First of all, you examine any possible inferences to insure that it is a justifiable inference, and in the context of a criminal trial, where proof is required beyond reasonable doubt, you should not draw any inference from direct evidence unless it is the only rational inference in the circumstances.
Now that overlaps with the situation about circumstantial evidence. What I will say to you at the moment about circumstantial evidence is, and I do not think it is any mystery to you, it is a series of objective facts, which if established, one party says lead to an inevitable conclusion.
Now again, I am not going to give illustrations of that but the essential thrust of it, is that the facts you find established drive you inevitably to that one conclusion. It has to be the only rational conclusion to draw from the facts." (SU 4.8-5)
49 In dealing with the elements of the offence, the trial judge repeatedly directed the jury that the Crown has the onus of proof even when dealing with circumstantial evidence.

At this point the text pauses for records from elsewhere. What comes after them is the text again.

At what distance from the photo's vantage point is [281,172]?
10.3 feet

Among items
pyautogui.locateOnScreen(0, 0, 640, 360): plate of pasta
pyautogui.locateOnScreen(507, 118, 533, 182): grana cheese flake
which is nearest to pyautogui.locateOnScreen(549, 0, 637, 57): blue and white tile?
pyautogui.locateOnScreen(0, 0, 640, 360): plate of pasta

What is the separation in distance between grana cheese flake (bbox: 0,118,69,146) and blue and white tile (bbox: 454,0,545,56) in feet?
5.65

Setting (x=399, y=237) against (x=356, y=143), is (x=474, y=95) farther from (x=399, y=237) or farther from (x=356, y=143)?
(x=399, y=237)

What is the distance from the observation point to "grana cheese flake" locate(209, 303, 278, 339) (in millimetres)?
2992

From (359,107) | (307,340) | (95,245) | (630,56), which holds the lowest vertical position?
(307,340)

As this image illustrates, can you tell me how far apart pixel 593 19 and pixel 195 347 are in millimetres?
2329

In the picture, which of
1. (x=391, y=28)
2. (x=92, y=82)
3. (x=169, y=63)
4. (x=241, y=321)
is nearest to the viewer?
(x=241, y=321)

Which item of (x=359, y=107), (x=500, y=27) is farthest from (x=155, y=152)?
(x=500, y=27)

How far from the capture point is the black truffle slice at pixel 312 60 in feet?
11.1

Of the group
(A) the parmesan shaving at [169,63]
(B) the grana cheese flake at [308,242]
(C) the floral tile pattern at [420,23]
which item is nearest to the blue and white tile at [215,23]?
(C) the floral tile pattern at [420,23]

His Honour directed the jury as to how to approach the circumstantial evidence in relation to those elements. His Honour delivered a specific direction as to circumstantial evidence, albeit in a somewhat condensed form.
"Now that brings me back to just reminding you about circumstantial evidence. What we have spent the last days doing, is looking at what in fact happened to Mrs Loder's cheque, and a detailed examination of the circumstances surrounding what happened to it, with various matters brought, some of which are illustrated on the aide memoire that you have, all aspects of the evidence, you may think, are relied upon by both sides in support of their respective cases.
The Crown essentially says, that the explanation given does not stand up to close examination, and in any event they say it is inherently incredible. The defence say, when you analyse the various aspects of the bases for criticism put forward by the Crown they are either neutral or unsound. The defence say there is nothing categorically pointing only one way, namely the guilt of the accused.
Now the defence do not have to prove anything but you have the benefit of the respective sides making their cases to you, and the Crown say, well then you look at the overall picture here, perhaps to use the vernacular, his account about the instructions changing, and his explanation of what in fact happened does not stand up. It not only does not stand up, but it is demonstrably false and therefore shows dishonesty or fraud.
The defence say you do not get anywhere near that if you analyse the evidence fairly. So those are the respective positions …" (SU, 10.7-11.5)
50 His Honour's directions need to be looked at in the context that both counsel addressed the jury with the defence addressing it at considerable length. His Honour invited counsel after he had summed up to raise further matters. Neither counsel took issue with the summing up. In the context of a relatively brief trial with limited issues, counsel is to be given credit for determining what assistance the jury required.
51 In the circumstances of this case, and keeping in mind the underlying rationale, I am not persuaded that error has been established in his Honour's directions as to circumstantial evidence.
52 The obligations of counsel and the consequences of a failure to raise a problem with respect to the summing up has been considered by this Court on many occasions - see R v Wilson (2005) 62 NSWLR 346 at 352-353; R v Villa [2005] NSWCCA 4 at [74]; R v Ita (2003) 139 A Crim R 340 at 355-7 and 365. The principles are well understood. This Court is entitled to conclude that the view I have reached that his Honour's directions considered in context were appropriate was the view of counsel who heard his Honour's remarks as they were delivered.
53 In my opinion leave to appeal on this ground should be refused.